WORK ORDER: Please output the entries below without altering a single character.

--------------------

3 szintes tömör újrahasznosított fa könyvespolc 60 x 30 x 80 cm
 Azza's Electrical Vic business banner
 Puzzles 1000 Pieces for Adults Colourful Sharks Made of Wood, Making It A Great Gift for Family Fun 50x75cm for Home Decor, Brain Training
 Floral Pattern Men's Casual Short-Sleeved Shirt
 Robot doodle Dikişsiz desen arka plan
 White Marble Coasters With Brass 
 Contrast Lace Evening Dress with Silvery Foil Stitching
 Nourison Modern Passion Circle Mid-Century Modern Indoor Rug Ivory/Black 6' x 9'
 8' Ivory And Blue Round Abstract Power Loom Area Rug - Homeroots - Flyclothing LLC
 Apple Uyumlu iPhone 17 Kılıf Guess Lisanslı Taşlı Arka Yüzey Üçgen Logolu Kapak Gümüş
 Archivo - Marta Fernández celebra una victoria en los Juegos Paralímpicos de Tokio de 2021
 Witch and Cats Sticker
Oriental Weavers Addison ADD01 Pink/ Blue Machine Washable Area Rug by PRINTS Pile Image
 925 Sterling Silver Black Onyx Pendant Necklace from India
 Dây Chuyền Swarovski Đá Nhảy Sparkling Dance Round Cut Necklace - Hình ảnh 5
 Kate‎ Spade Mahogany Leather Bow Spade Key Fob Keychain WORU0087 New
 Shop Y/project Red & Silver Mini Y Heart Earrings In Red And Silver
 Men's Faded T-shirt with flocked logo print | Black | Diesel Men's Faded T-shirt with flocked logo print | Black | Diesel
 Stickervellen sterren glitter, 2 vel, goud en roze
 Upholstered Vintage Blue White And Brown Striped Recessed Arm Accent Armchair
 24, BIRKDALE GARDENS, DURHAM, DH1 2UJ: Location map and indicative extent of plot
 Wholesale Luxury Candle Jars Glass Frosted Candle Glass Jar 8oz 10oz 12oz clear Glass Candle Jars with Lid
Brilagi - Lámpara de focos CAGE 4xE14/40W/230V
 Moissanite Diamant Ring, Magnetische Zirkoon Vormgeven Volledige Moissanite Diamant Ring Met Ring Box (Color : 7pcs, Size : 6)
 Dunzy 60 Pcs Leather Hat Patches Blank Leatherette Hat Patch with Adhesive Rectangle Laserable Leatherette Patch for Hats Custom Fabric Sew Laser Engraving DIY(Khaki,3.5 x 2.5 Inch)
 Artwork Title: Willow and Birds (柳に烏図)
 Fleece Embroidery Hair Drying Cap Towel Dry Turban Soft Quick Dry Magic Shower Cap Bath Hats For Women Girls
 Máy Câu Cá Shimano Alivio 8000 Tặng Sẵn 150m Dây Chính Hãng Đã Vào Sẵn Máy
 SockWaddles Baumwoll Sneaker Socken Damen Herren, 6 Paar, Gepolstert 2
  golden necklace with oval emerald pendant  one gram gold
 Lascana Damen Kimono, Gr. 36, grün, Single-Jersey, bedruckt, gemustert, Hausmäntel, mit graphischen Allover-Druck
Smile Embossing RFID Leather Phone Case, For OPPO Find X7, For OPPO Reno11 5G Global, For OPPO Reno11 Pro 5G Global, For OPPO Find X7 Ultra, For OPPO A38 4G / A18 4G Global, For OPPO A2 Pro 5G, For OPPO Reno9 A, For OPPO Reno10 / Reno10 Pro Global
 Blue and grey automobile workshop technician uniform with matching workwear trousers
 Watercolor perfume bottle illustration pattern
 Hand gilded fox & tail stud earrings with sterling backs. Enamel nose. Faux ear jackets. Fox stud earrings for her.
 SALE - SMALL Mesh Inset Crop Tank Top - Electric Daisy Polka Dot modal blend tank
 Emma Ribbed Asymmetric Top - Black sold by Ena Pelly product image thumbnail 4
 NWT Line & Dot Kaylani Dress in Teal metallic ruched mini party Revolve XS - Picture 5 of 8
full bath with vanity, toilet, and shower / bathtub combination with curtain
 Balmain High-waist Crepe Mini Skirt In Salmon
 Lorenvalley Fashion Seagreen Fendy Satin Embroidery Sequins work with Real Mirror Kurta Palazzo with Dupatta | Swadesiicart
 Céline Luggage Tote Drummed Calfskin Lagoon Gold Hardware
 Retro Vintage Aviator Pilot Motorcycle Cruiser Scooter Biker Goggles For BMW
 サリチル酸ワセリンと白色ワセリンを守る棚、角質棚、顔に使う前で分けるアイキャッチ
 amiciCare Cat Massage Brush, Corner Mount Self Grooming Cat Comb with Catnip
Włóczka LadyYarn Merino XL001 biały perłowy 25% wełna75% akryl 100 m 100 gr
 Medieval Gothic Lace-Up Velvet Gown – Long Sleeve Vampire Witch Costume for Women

--------------------

TASK RESPONSE:
3 szintes tömör újrahasznosított fa könyvespolc 60 x 30 x 80 cm
 Azza's Electrical Vic business banner
 Puzzles 1000 Pieces for Adults Colourful Sharks Made of Wood, Making It A Great Gift for Family Fun 50x75cm for Home Decor, Brain Training
 Floral Pattern Men's Casual Short-Sleeved Shirt
 Robot doodle Dikişsiz desen arka plan
 White Marble Coasters With Brass 
 Contrast Lace Evening Dress with Silvery Foil Stitching
 Nourison Modern Passion Circle Mid-Century Modern Indoor Rug Ivory/Black 6' x 9'
 8' Ivory And Blue Round Abstract Power Loom Area Rug - Homeroots - Flyclothing LLC
 Apple Uyumlu iPhone 17 Kılıf Guess Lisanslı Taşlı Arka Yüzey Üçgen Logolu Kapak Gümüş
 Archivo - Marta Fernández celebra una victoria en los Juegos Paralímpicos de Tokio de 2021
 Witch and Cats Sticker
Oriental Weavers Addison ADD01 Pink/ Blue Machine Washable Area Rug by PRINTS Pile Image
 925 Sterling Silver Black Onyx Pendant Necklace from India
 Dây Chuyền Swarovski Đá Nhảy Sparkling Dance Round Cut Necklace - Hình ảnh 5
 Kate‎ Spade Mahogany Leather Bow Spade Key Fob Keychain WORU0087 New
 Shop Y/project Red & Silver Mini Y Heart Earrings In Red And Silver
 Men's Faded T-shirt with flocked logo print | Black | Diesel Men's Faded T-shirt with flocked logo print | Black | Diesel
 Stickervellen sterren glitter, 2 vel, goud en roze
 Upholstered Vintage Blue White And Brown Striped Recessed Arm Accent Armchair
 24, BIRKDALE GARDENS, DURHAM, DH1 2UJ: Location map and indicative extent of plot
 Wholesale Luxury Candle Jars Glass Frosted Candle Glass Jar 8oz 10oz 12oz clear Glass Candle Jars with Lid
Brilagi - Lámpara de focos CAGE 4xE14/40W/230V
 Moissanite Diamant Ring, Magnetische Zirkoon Vormgeven Volledige Moissanite Diamant Ring Met Ring Box (Color : 7pcs, Size : 6)
 Dunzy 60 Pcs Leather Hat Patches Blank Leatherette Hat Patch with Adhesive Rectangle Laserable Leatherette Patch for Hats Custom Fabric Sew Laser Engraving DIY(Khaki,3.5 x 2.5 Inch)
 Artwork Title: Willow and Birds (柳に烏図)
 Fleece Embroidery Hair Drying Cap Towel Dry Turban Soft Quick Dry Magic Shower Cap Bath Hats For Women Girls
 Máy Câu Cá Shimano Alivio 8000 Tặng Sẵn 150m Dây Chính Hãng Đã Vào Sẵn Máy
 SockWaddles Baumwoll Sneaker Socken Damen Herren, 6 Paar, Gepolstert 2
  golden necklace with oval emerald pendant  one gram gold
 Lascana Damen Kimono, Gr. 36, grün, Single-Jersey, bedruckt, gemustert, Hausmäntel, mit graphischen Allover-Druck
Smile Embossing RFID Leather Phone Case, For OPPO Find X7, For OPPO Reno11 5G Global, For OPPO Reno11 Pro 5G Global, For OPPO Find X7 Ultra, For OPPO A38 4G / A18 4G Global, For OPPO A2 Pro 5G, For OPPO Reno9 A, For OPPO Reno10 / Reno10 Pro Global
 Blue and grey automobile workshop technician uniform with matching workwear trousers
 Watercolor perfume bottle illustration pattern
 Hand gilded fox & tail stud earrings with sterling backs. Enamel nose. Faux ear jackets. Fox stud earrings for her.
 SALE - SMALL Mesh Inset Crop Tank Top - Electric Daisy Polka Dot modal blend tank
 Emma Ribbed Asymmetric Top - Black sold by Ena Pelly product image thumbnail 4
 NWT Line & Dot Kaylani Dress in Teal metallic ruched mini party Revolve XS - Picture 5 of 8
full bath with vanity, toilet, and shower / bathtub combination with curtain
 Balmain High-waist Crepe Mini Skirt In Salmon
 Lorenvalley Fashion Seagreen Fendy Satin Embroidery Sequins work with Real Mirror Kurta Palazzo with Dupatta | Swadesiicart
 Céline Luggage Tote Drummed Calfskin Lagoon Gold Hardware
 Retro Vintage Aviator Pilot Motorcycle Cruiser Scooter Biker Goggles For BMW
 サリチル酸ワセリンと白色ワセリンを守る棚、角質棚、顔に使う前で分けるアイキャッチ
 amiciCare Cat Massage Brush, Corner Mount Self Grooming Cat Comb with Catnip
Włóczka LadyYarn Merino XL001 biały perłowy 25% wełna75% akryl 100 m 100 gr
 Medieval Gothic Lace-Up Velvet Gown – Long Sleeve Vampire Witch Costume for Women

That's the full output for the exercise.